Red 3 caused thyroid tumors in rats.  Back in 1985 the acting commissioner of the FDA said the dye was “of greatest public health concern.”  But the FDA did nothing.  Since then, companies have dumped five million pounds of the dye into our food.  Citrus Red 2 is used to color the skins of some oranges.  It has caused bladder cancer in mice and rats.  Yellow 5 and 6 cause occasionally severe allergic reactions.  Blue 1 also causes allergic reactions in some people, and the abstract of one unpublished mouse study says that the dye caused kidney tumors.

You’d think this track record would convince the food industry to use less, or even eliminate, these chemicals. Rather, each year manufacturers pour about 15 million pounds of dyes into our foods.  Per capita consumption of dyes has increased five-fold since 1955, thanks in part to the proliferation of brightly colored breakfast cereals, fruit drinks, and candies pitched to children.  (And of course, these dyes are often used to simulate the presence of missing fruits in fruit-flavored kids’ foods.)

I sometimes wonder if companies such as McDonald’s, Mars, and Kellogg prefer their British customers to their American ones.  In the United Kingdom, a McDonald’s Strawberry Sundae is colored only with strawberries, but in the United States it contains Red dye 40.  Kellogg Strawberry Nutri-Grain bars have Red 40, Yellow 6, and Blue 1 in the U.S., but use beetroot, annatto, and paprika extract as colorings in the U.K.  Starburst Chews and Skittles, both Mars products, contain synthetic dyes in the U.S., but not in Britain.

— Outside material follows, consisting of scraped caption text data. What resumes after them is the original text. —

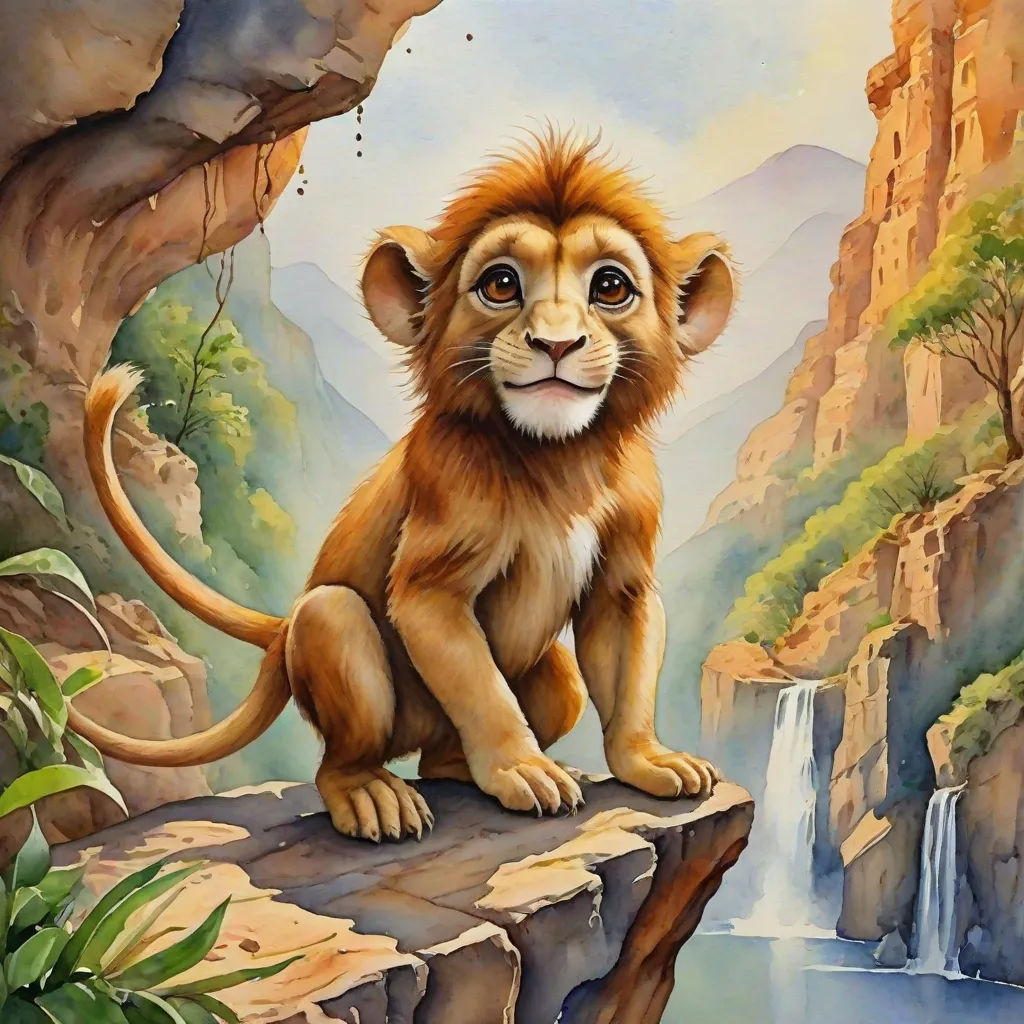 a painting of a lion sitting on a cliff with a waterfall in the background and a waterfall in the foreground, lyco art, an airbrush painting, Chris LaBrooy, highly detailed digital painting
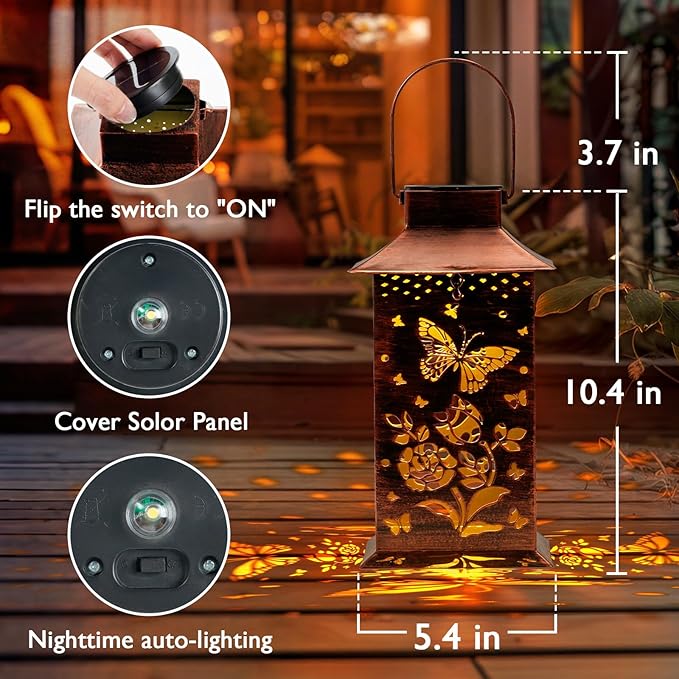 Homemory Butterfly Solar Lanterns Waterproof, Metal Hanging Hollowed-Out Metal Decor Lantern, LED Outdoor Decoration for Outside LED Lanternse for Yard, Backyard, Porch, Lawn-VerdiqueGarden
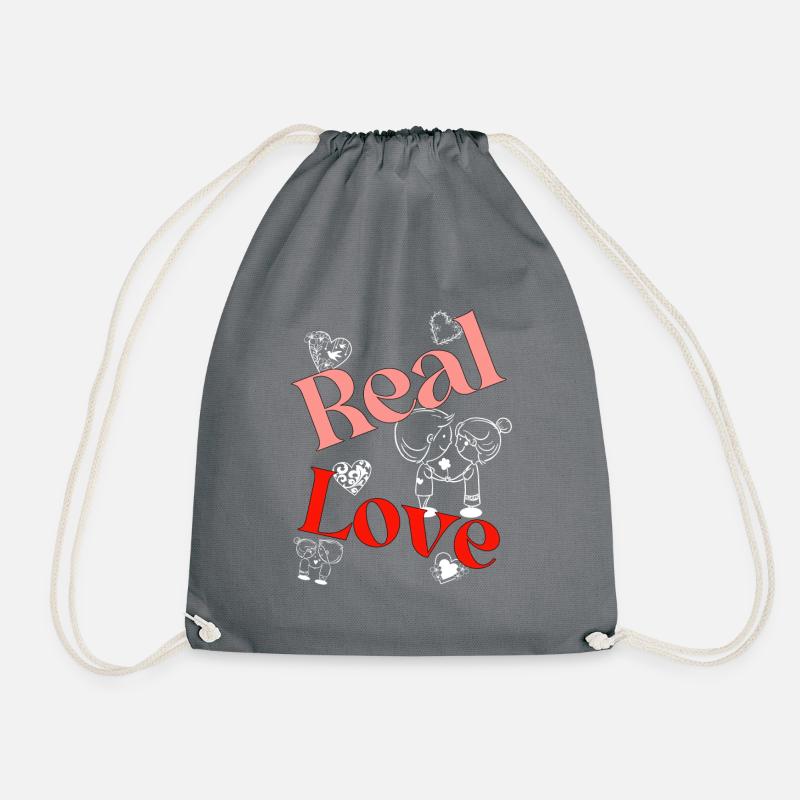 Real Love Design Beautiful - Drawstring Bag - grey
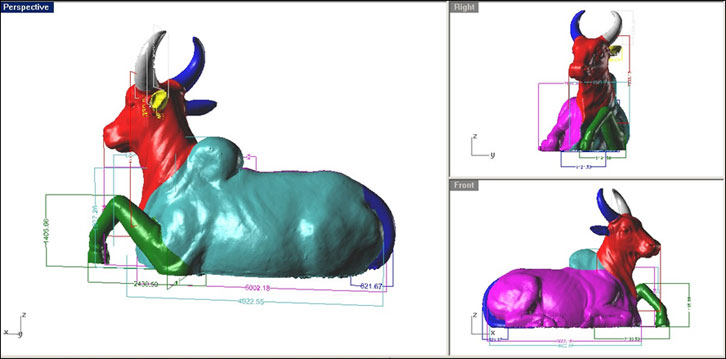 The birth of a 12-ft tall metal bull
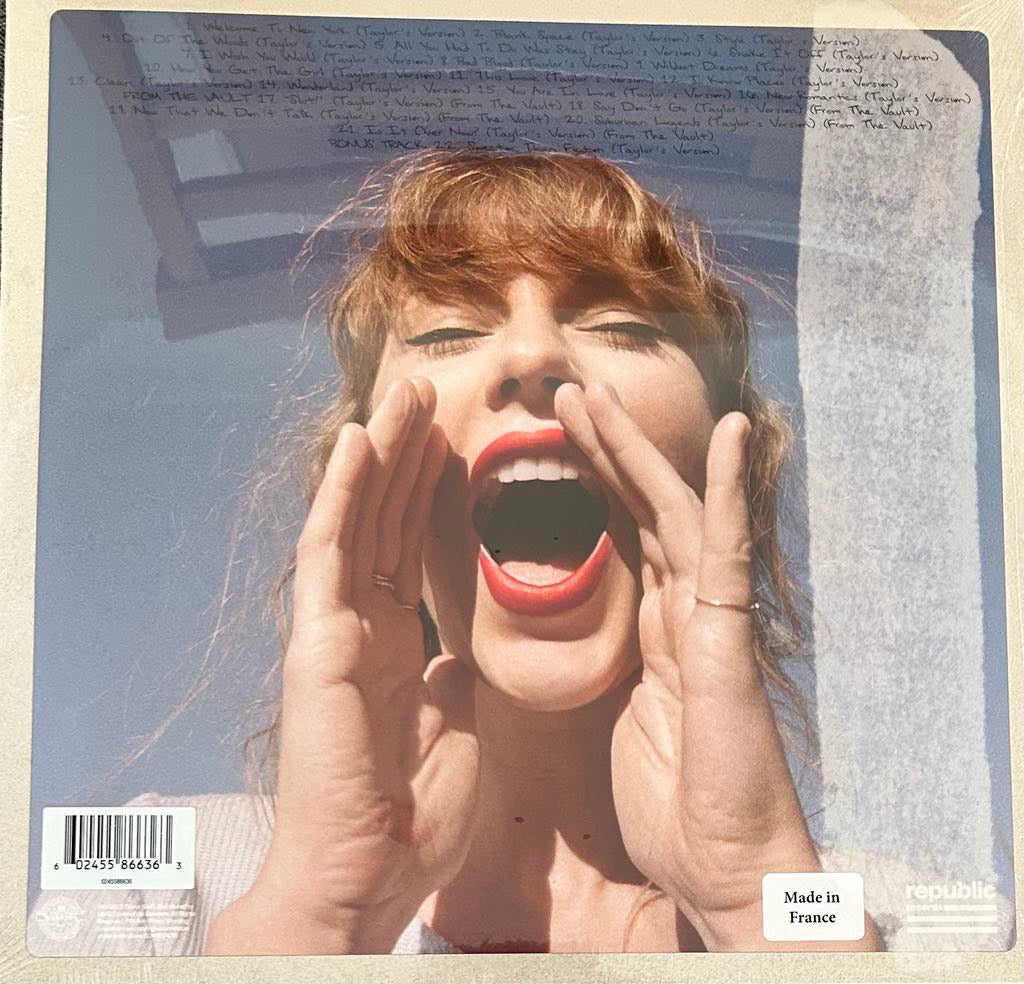 The back of 'Taylor Swift - 1989 (Taylor's Version' on vinyl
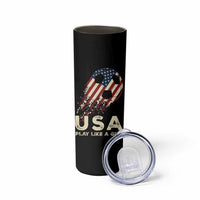 Soccer Girl Skinny Tumbler Play Like A Girl USA Flag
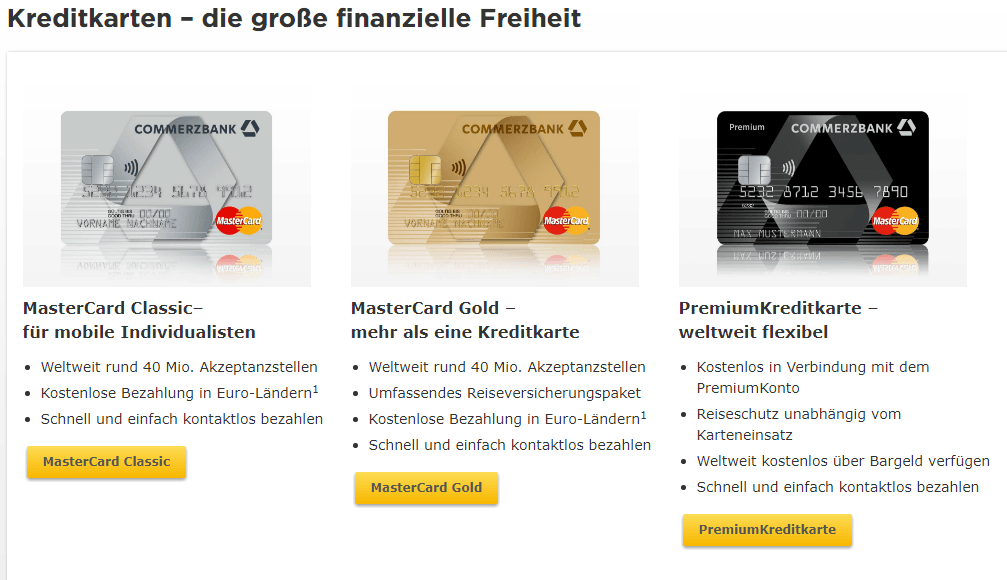 commerzbank kreditkarten übersicht Commerzbank Mastercard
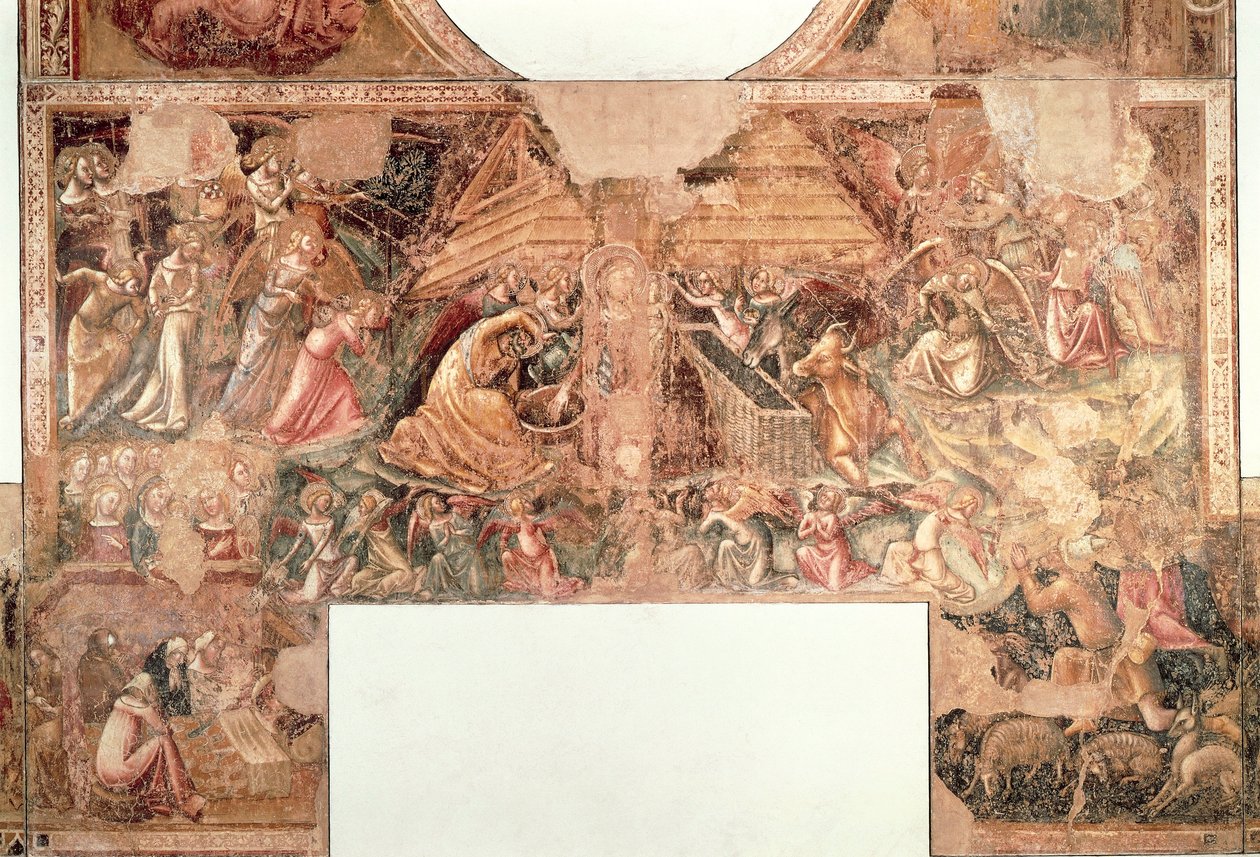 耶稣诞生场景，博洛尼亚，Vitale da Bologna（新鲜） 作者 维塔莱·达·博洛尼亚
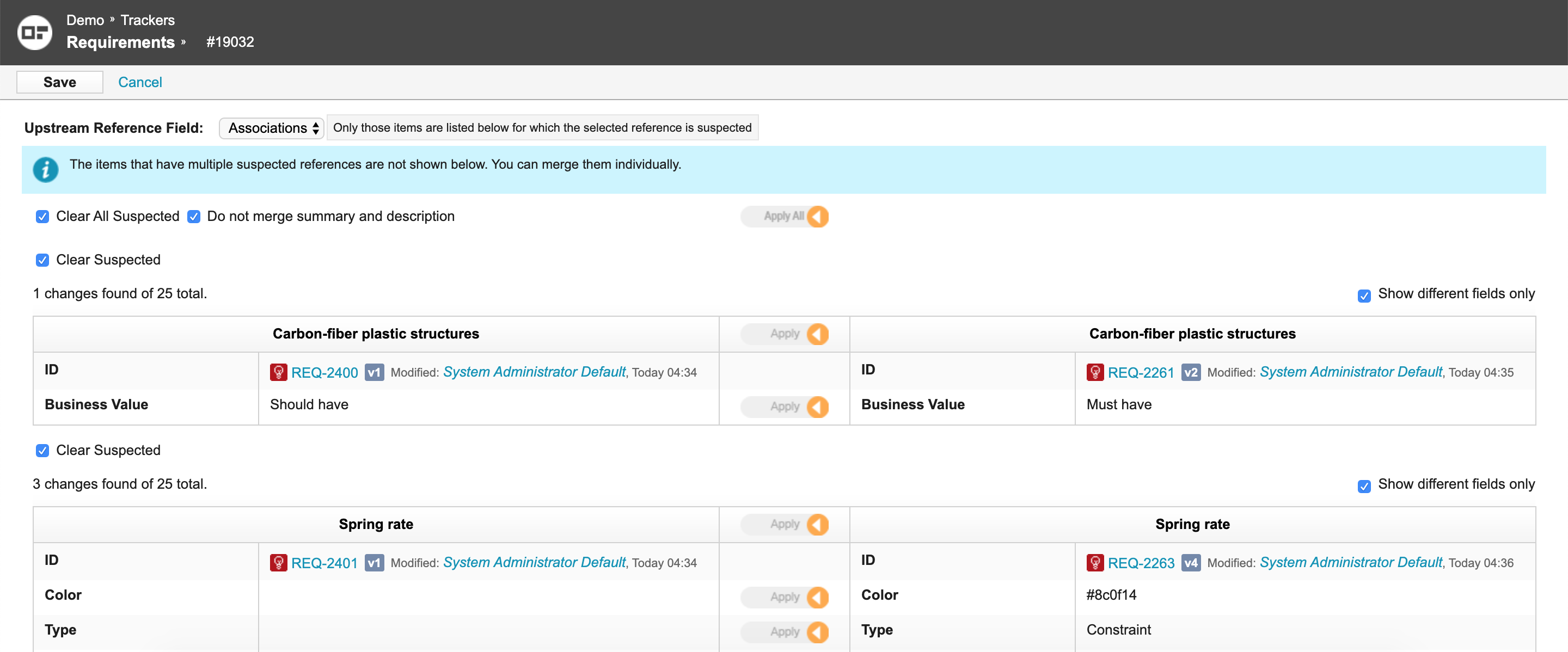 Document View for Requirements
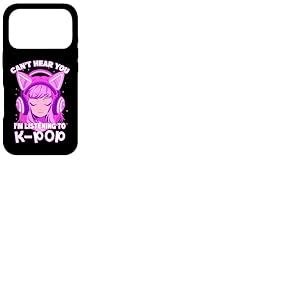 Cute Girl Graphic Tee Can't Hear You I'm Listening to Kpop Coque pour iPhone 17 Pro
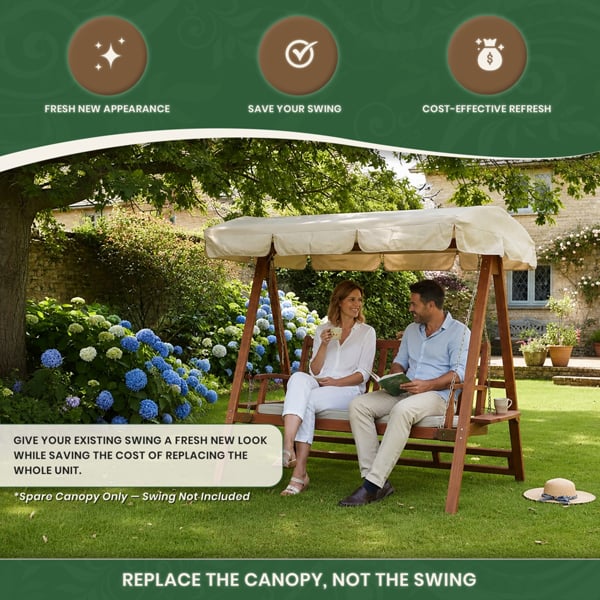Spare Canopy for 2 Seater Garden Swing Seat or Hammock in Choice of Colours, 180gsm Polyester Shower-Proof Replacement Cover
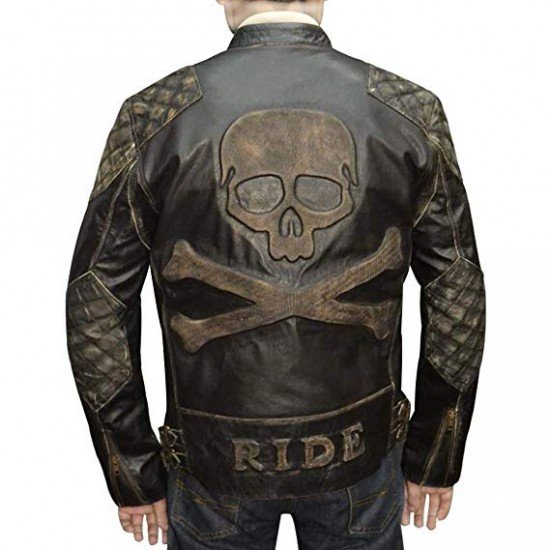 NEW Men’s Biker Reinforced Vintage Distressed Black With Skull Leather Jacket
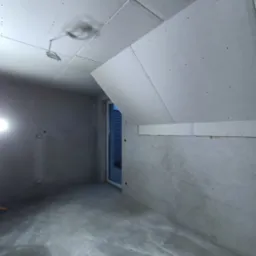 Wnętrze poddasza w trakcie wykańczania: surowe ściany, częściowo zamontowane płyty gipsowo-kartonowe na skosach sufitu, widoczne przewody elektryczne i niedokończona wylewka podłogowa.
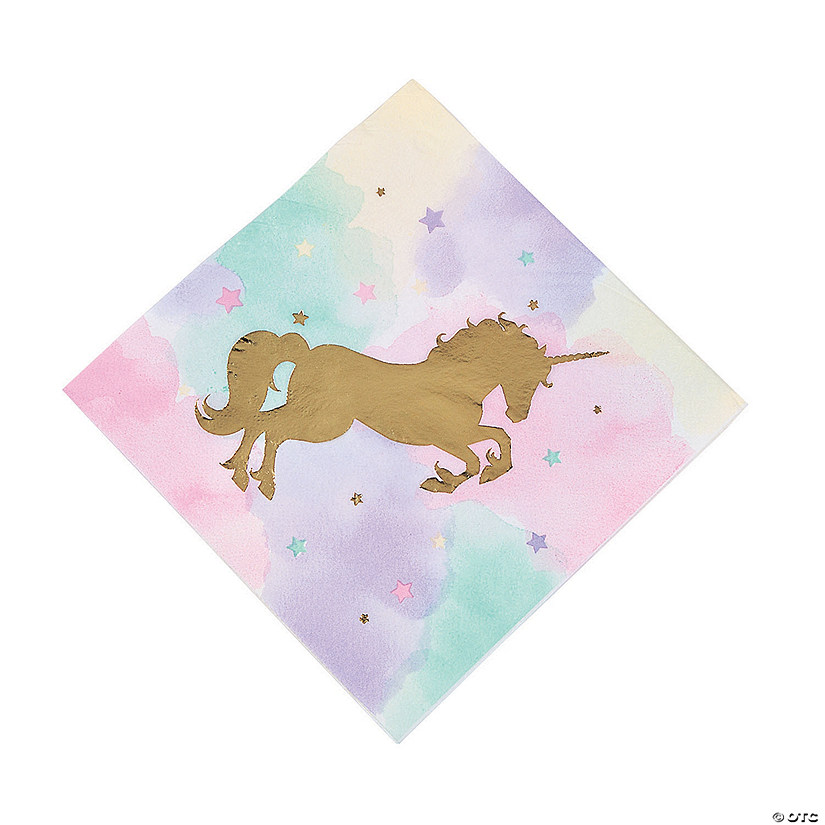 Sparkle Unicorn with Gold Foil Silhouette Luncheon Napkins - 16 Pc. Image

Frankly, we’d all be better off if we made honest-to-goodness vegetables, fruits, and whole grains at the center of our diets, and consumed much less of the packaged foods based on some combination of white flour, refined sugar, salt, or fat.  But I’m certain that if the geniuses at, say, Kraft, got together they could find a way to make Macaroni and Cheese without Yellow 5.  (In fact, one version meant for adults is dye-free).  But imagine what it would do for sales if they boasted on their classic blue boxes, “Hey Moms and Dads!  Now Tartrazine-Free!

Better yet, the Food and Drug Administration would beat the industry to the punch and reduce Americans’ cancer risk by banning these discredited dyes once and for all.